● Provided data

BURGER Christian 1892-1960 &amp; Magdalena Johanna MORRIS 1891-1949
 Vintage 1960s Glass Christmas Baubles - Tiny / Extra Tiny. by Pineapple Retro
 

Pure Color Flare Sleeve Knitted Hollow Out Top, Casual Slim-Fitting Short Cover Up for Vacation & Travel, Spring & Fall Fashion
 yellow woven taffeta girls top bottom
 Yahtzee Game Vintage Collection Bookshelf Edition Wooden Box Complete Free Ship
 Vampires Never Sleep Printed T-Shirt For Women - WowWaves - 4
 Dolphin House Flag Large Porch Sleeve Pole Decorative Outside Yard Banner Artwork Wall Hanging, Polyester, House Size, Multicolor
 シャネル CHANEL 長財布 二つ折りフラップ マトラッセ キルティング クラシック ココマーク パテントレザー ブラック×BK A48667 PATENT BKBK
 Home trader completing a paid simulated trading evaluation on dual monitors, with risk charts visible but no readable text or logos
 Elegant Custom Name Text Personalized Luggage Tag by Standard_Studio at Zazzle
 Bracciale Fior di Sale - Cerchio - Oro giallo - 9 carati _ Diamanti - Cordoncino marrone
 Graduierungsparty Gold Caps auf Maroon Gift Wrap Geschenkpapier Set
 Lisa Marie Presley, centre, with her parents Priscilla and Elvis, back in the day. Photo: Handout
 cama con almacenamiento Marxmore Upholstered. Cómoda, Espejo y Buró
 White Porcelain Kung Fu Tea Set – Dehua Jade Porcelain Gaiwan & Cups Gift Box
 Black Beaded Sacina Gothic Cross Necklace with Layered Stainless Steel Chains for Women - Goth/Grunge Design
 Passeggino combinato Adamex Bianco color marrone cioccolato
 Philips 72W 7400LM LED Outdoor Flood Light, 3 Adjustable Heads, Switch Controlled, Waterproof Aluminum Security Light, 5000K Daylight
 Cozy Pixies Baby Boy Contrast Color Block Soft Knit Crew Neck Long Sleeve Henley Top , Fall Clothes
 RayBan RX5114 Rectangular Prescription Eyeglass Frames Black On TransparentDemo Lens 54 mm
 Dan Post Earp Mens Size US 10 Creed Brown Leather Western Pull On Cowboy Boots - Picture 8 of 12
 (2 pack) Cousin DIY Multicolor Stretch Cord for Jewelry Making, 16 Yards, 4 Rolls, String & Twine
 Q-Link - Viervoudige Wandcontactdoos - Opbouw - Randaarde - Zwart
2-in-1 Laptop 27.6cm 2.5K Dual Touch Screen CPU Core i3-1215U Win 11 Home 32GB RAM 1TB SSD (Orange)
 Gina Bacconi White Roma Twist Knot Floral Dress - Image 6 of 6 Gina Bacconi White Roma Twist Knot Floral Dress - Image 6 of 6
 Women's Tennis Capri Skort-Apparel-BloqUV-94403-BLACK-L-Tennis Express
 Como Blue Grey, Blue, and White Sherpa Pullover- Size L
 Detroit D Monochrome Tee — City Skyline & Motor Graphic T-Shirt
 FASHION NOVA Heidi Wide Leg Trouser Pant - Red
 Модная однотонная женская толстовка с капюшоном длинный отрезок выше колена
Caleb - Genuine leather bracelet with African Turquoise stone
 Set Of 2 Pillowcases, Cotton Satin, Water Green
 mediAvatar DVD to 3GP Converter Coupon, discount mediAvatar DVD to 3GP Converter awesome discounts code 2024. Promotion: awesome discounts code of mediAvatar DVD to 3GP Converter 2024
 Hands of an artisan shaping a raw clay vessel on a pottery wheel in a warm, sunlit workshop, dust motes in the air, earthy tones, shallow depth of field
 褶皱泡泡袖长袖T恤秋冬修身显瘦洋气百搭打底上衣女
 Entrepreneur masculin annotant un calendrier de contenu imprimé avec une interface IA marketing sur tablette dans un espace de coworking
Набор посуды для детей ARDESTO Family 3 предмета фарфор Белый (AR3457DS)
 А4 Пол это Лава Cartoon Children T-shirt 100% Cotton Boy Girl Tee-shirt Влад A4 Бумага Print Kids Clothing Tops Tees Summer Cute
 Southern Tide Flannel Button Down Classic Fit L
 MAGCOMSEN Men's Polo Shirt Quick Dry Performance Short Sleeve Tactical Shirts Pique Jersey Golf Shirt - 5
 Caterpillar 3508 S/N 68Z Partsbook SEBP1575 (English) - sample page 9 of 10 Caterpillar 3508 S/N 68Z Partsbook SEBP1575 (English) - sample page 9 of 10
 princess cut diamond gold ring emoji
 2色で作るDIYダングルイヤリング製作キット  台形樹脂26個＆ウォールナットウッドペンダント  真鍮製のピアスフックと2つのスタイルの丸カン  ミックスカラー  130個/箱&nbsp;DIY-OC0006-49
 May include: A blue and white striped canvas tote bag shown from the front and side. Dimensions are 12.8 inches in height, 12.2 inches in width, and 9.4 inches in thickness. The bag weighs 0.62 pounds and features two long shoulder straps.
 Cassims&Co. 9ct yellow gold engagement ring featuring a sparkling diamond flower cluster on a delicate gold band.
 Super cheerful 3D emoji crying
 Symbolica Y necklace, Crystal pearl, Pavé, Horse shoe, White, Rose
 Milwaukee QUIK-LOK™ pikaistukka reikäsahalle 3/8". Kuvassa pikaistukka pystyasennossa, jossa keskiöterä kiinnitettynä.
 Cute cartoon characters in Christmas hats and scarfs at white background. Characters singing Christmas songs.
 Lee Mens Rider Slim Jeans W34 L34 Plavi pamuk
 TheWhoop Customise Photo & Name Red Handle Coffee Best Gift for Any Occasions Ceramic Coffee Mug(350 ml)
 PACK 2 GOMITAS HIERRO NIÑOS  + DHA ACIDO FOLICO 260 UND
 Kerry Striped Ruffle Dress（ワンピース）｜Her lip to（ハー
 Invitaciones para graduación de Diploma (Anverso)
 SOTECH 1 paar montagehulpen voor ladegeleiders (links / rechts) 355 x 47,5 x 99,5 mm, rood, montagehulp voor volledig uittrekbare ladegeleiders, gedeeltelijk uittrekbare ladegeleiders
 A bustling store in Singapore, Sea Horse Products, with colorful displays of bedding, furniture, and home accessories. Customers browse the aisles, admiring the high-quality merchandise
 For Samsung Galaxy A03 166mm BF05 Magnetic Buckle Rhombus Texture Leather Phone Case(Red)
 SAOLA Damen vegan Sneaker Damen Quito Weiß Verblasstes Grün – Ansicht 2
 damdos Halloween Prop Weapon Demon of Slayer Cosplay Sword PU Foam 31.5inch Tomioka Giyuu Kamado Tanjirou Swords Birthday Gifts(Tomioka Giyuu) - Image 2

● Task to complete
Each entry must be reproduced verbatim.

● Reply
BURGER Christian 1892-1960 &amp; Magdalena Johanna MORRIS 1891-1949
 Vintage 1960s Glass Christmas Baubles - Tiny / Extra Tiny. by Pineapple Retro
 

Pure Color Flare Sleeve Knitted Hollow Out Top, Casual Slim-Fitting Short Cover Up for Vacation & Travel, Spring & Fall Fashion
 yellow woven taffeta girls top bottom
 Yahtzee Game Vintage Collection Bookshelf Edition Wooden Box Complete Free Ship
 Vampires Never Sleep Printed T-Shirt For Women - WowWaves - 4
 Dolphin House Flag Large Porch Sleeve Pole Decorative Outside Yard Banner Artwork Wall Hanging, Polyester, House Size, Multicolor
 シャネル CHANEL 長財布 二つ折りフラップ マトラッセ キルティング クラシック ココマーク パテントレザー ブラック×BK A48667 PATENT BKBK
 Home trader completing a paid simulated trading evaluation on dual monitors, with risk charts visible but no readable text or logos
 Elegant Custom Name Text Personalized Luggage Tag by Standard_Studio at Zazzle
 Bracciale Fior di Sale - Cerchio - Oro giallo - 9 carati _ Diamanti - Cordoncino marrone
 Graduierungsparty Gold Caps auf Maroon Gift Wrap Geschenkpapier Set
 Lisa Marie Presley, centre, with her parents Priscilla and Elvis, back in the day. Photo: Handout
 cama con almacenamiento Marxmore Upholstered. Cómoda, Espejo y Buró
 White Porcelain Kung Fu Tea Set – Dehua Jade Porcelain Gaiwan & Cups Gift Box
 Black Beaded Sacina Gothic Cross Necklace with Layered Stainless Steel Chains for Women - Goth/Grunge Design
 Passeggino combinato Adamex Bianco color marrone cioccolato
 Philips 72W 7400LM LED Outdoor Flood Light, 3 Adjustable Heads, Switch Controlled, Waterproof Aluminum Security Light, 5000K Daylight
 Cozy Pixies Baby Boy Contrast Color Block Soft Knit Crew Neck Long Sleeve Henley Top , Fall Clothes
 RayBan RX5114 Rectangular Prescription Eyeglass Frames Black On TransparentDemo Lens 54 mm
 Dan Post Earp Mens Size US 10 Creed Brown Leather Western Pull On Cowboy Boots - Picture 8 of 12
 (2 pack) Cousin DIY Multicolor Stretch Cord for Jewelry Making, 16 Yards, 4 Rolls, String & Twine
 Q-Link - Viervoudige Wandcontactdoos - Opbouw - Randaarde - Zwart
2-in-1 Laptop 27.6cm 2.5K Dual Touch Screen CPU Core i3-1215U Win 11 Home 32GB RAM 1TB SSD (Orange)
 Gina Bacconi White Roma Twist Knot Floral Dress - Image 6 of 6 Gina Bacconi White Roma Twist Knot Floral Dress - Image 6 of 6
 Women's Tennis Capri Skort-Apparel-BloqUV-94403-BLACK-L-Tennis Express
 Como Blue Grey, Blue, and White Sherpa Pullover- Size L
 Detroit D Monochrome Tee — City Skyline & Motor Graphic T-Shirt
 FASHION NOVA Heidi Wide Leg Trouser Pant - Red
 Модная однотонная женская толстовка с капюшоном длинный отрезок выше колена
Caleb - Genuine leather bracelet with African Turquoise stone
 Set Of 2 Pillowcases, Cotton Satin, Water Green
 mediAvatar DVD to 3GP Converter Coupon, discount mediAvatar DVD to 3GP Converter awesome discounts code 2024. Promotion: awesome discounts code of mediAvatar DVD to 3GP Converter 2024
 Hands of an artisan shaping a raw clay vessel on a pottery wheel in a warm, sunlit workshop, dust motes in the air, earthy tones, shallow depth of field
 褶皱泡泡袖长袖T恤秋冬修身显瘦洋气百搭打底上衣女
 Entrepreneur masculin annotant un calendrier de contenu imprimé avec une interface IA marketing sur tablette dans un espace de coworking
Набор посуды для детей ARDESTO Family 3 предмета фарфор Белый (AR3457DS)
 А4 Пол это Лава Cartoon Children T-shirt 100% Cotton Boy Girl Tee-shirt Влад A4 Бумага Print Kids Clothing Tops Tees Summer Cute
 Southern Tide Flannel Button Down Classic Fit L
 MAGCOMSEN Men's Polo Shirt Quick Dry Performance Short Sleeve Tactical Shirts Pique Jersey Golf Shirt - 5
 Caterpillar 3508 S/N 68Z Partsbook SEBP1575 (English) - sample page 9 of 10 Caterpillar 3508 S/N 68Z Partsbook SEBP1575 (English) - sample page 9 of 10
 princess cut diamond gold ring emoji
 2色で作るDIYダングルイヤリング製作キット  台形樹脂26個＆ウォールナットウッドペンダント  真鍮製のピアスフックと2つのスタイルの丸カン  ミックスカラー  130個/箱&nbsp;DIY-OC0006-49
 May include: A blue and white striped canvas tote bag shown from the front and side. Dimensions are 12.8 inches in height, 12.2 inches in width, and 9.4 inches in thickness. The bag weighs 0.62 pounds and features two long shoulder straps.
 Cassims&Co. 9ct yellow gold engagement ring featuring a sparkling diamond flower cluster on a delicate gold band.
 Super cheerful 3D emoji crying
 Symbolica Y necklace, Crystal pearl, Pavé, Horse shoe, White, Rose
 Milwaukee QUIK-LOK™ pikaistukka reikäsahalle 3/8". Kuvassa pikaistukka pystyasennossa, jossa keskiöterä kiinnitettynä.
 Cute cartoon characters in Christmas hats and scarfs at white background. Characters singing Christmas songs.
 Lee Mens Rider Slim Jeans W34 L34 Plavi pamuk
 TheWhoop Customise Photo & Name Red Handle Coffee Best Gift for Any Occasions Ceramic Coffee Mug(350 ml)
 PACK 2 GOMITAS HIERRO NIÑOS  + DHA ACIDO FOLICO 260 UND
 Kerry Striped Ruffle Dress（ワンピース）｜Her lip to（ハー
 Invitaciones para graduación de Diploma (Anverso)
 SOTECH 1 paar montagehulpen voor ladegeleiders (links / rechts) 355 x 47,5 x 99,5 mm, rood, montagehulp voor volledig uittrekbare ladegeleiders, gedeeltelijk uittrekbare ladegeleiders
 A bustling store in Singapore, Sea Horse Products, with colorful displays of bedding, furniture, and home accessories. Customers browse the aisles, admiring the high-quality merchandise
 For Samsung Galaxy A03 166mm BF05 Magnetic Buckle Rhombus Texture Leather Phone Case(Red)
 SAOLA Damen vegan Sneaker Damen Quito Weiß Verblasstes Grün – Ansicht 2
 damdos Halloween Prop Weapon Demon of Slayer Cosplay Sword PU Foam 31.5inch Tomioka Giyuu Kamado Tanjirou Swords Birthday Gifts(Tomioka Giyuu) - Image 2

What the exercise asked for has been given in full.